▸ **What is being asked**
Everything from the "Paris-Style Beaded Jeans" line to the final line of the listing should be written out exactly. Skip the pictures.

▸ **Recorded data**
-------
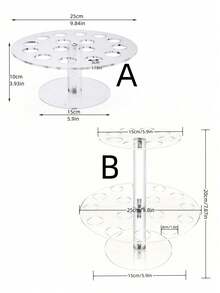 亚克力透明冰淇淋甜筒展示架，甜筒架，华夫甜筒架，甜筒架，冰淇淋架 婚礼装饰 婚礼派对用品 婚礼装饰 婚礼配件 婚礼蛋糕架 - 無色 - 查看 2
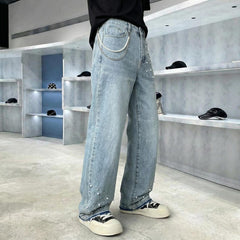 Paris-Style Beaded Jeans for Men – Trendy Streetwear Loose Straight-Leg Wide-Leg Pants
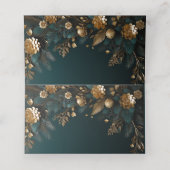 Elegante winterhuwelijk jager groen goud plaatskaartje (Binnenkant ongevouwen)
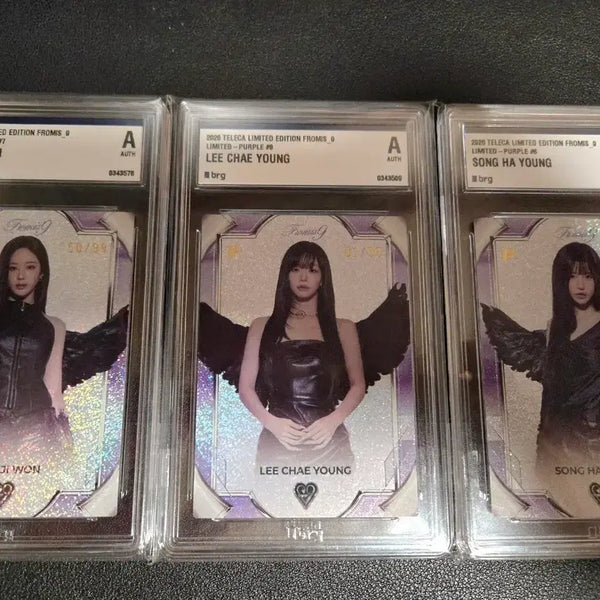 [BUNJANG] fromis_9 Park Jiwon, Lee Chaeyoung, Song Hayoung Purple Teleca Limited Edition Photocard Bundle Set / 프로미스나인 박지원 이채영 송하영 퍼플 테레카 리미티드 99한정 카드 슬랩 한정판 등카 일괄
-------
▸ **Your solution**
 Paris-Style Beaded Jeans for Men – Trendy Streetwear Loose Straight-Leg Wide-Leg Pants
 Elegante winterhuwelijk jager groen goud plaatskaartje (Binnenkant ongevouwen)
 [BUNJANG] fromis_9 Park Jiwon, Lee Chaeyoung, Song Hayoung Purple Teleca Limited Edition Photocard Bundle Set / 프로미스나인 박지원 이채영 송하영 퍼플 테레카 리미티드 99한정 카드 슬랩 한정판 등카 일괄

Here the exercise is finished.